President-elect Barack Obama's picks for Cabinet posts and various other positions have not only been smart. The choices should leave the nation assured that Team Obama will be ready to hit the ground running on Inauguration Day, Jan. 20.
In some ways, it is a so-called "team of rivals," a phrase first coined to describe Abraham Lincoln's Cabinet. It is to Obama's credit that he is willing to accept differing opinions, and even put some personal animosity aside, to get the people he wants.
Even if they are people he has disagreed with.
His selection of generally moderate and experienced hands also mocks the hyperbolic rhetoric of the campaign. Late in the game, desperate voices said Obama would lead the nation toward socialism and Marxism. In reality, the array of advisers he has chosen speak to a centrist direction that should disappoint those on the political fringes but assuage the majority in the middle.
In that regard, Obama's Cabinet selections are no surprise. They reflect a cautious, studious approach to governance very similar to the way he ran his campaign.
That said, the Senate must assert its checks-and-balances role by quizzing the selections during confirmation hearings. Hopefully, the majority Democrats have learned from Republican mistakes when that party held the cards in the Senate and failed to sufficiently vet nominees picked by the predecessor Bush administration.
Five Obama picks, in particular, merit some close questioning.
One is Hillary Clinton, the New York senator who was Obama's bitter rival for the Democratic nomination. Obama didn't need to nominate Clinton as secretary of state to woo women voters or win back Hillary fans. Those days are past.
From all appearances, he seems to have made this choice because he believes Hillary Clinton is the right person for the job. And maybe, like Obama's other picks, Hillary Clinton has the experience to be ready from day one.
The Senate, however, needs to know how she will approach diplomacy as secretary of state. During the campaign, we heard lots from her about how she would conduct foreign affairs if she were president.
The secretary of state is a different post. The Senate needs to know not just how she will handle foreign policy, but also administer a huge bureacracy that has a hand in everything from international conflicts to global health programs.
Eric Holder also seems a solid pick for attorney general, having served in the No. 2 post at the Justice Department in the Clinton years, and he should be confirmed. But it's important that the Senate question him about his role in pardons dished out by President Clinton in his administration's waning days.
It's smart for Obama to keep Robert Gates as secretary of defense, as the United States plots an exit of sorts from Iraq during Obama's term. Gates does not need to be reconfirmed, but Senate members should seek an opportunity to learn more about his views on Iraq policy, the handling of captured enemy combatants and a post-Bush strategy for fighting terrorism abroad.
Obama's economic team, led by the choice last week of Timothy Geithner as Treasury secretary and bolstered by former Federal Reserve chairman Paul Volcker, has received well-earned kudos for the breadth of its experience and overall smarts. The nation's economic problems won't end overnight, but Obama has shown that getting the economy out of what has been declared a year-long recession is his top priority.

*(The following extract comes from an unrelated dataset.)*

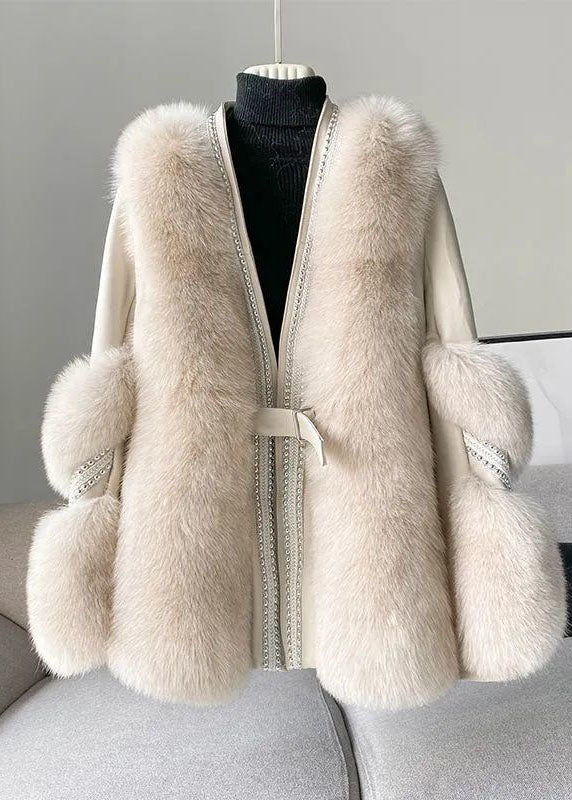Chic White V-Neck Mink Hair Coat for Winter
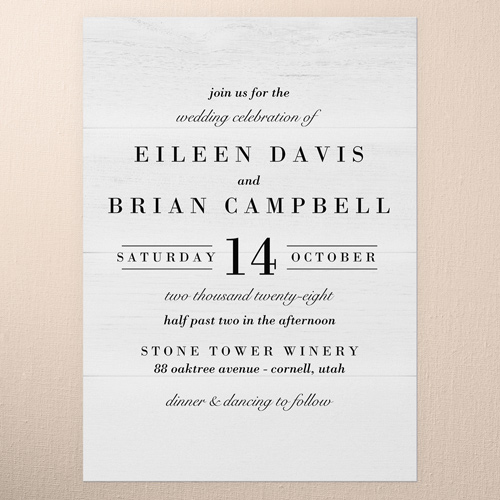 Shiplap Wood Wedding Invitation, White, 5x7 Flat, Standard Smooth Cardstock, Square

Here again, the Senate needs to know how Geithner's Treasury Department will handle the infamous bailout. How will those funds be dispersed? And how much more government intervention and taxpayer money do they expect will be necessary?
And don't forget Obama's pick of Democratic Arizona Gov. Janet Napolitano as secretary of homeland security. Choosing her means Arizona will now have a Republican governor, so it's a move signaling that ability trumped political strategy in this selection.
Napolitano is an intriguing pick because she led a border state, and must have lots of ideas and views on ways to protect borders and resolve the undocumented immigrants connundrum. The Senate and the public needs to hear some of them.
It is naive to think that political payback doesn't matter in various Obama appointments, but it is refreshing to feel, in these nominations, that the best person for the job seems to matter more.
All this, however, mustn't stand in the way of the Senate's constitutional obligation to come to that conclusion, too.
BOTTOM LINE: It's an impressive squad that shows Obama is putting talent and expertise above politics and personal differences.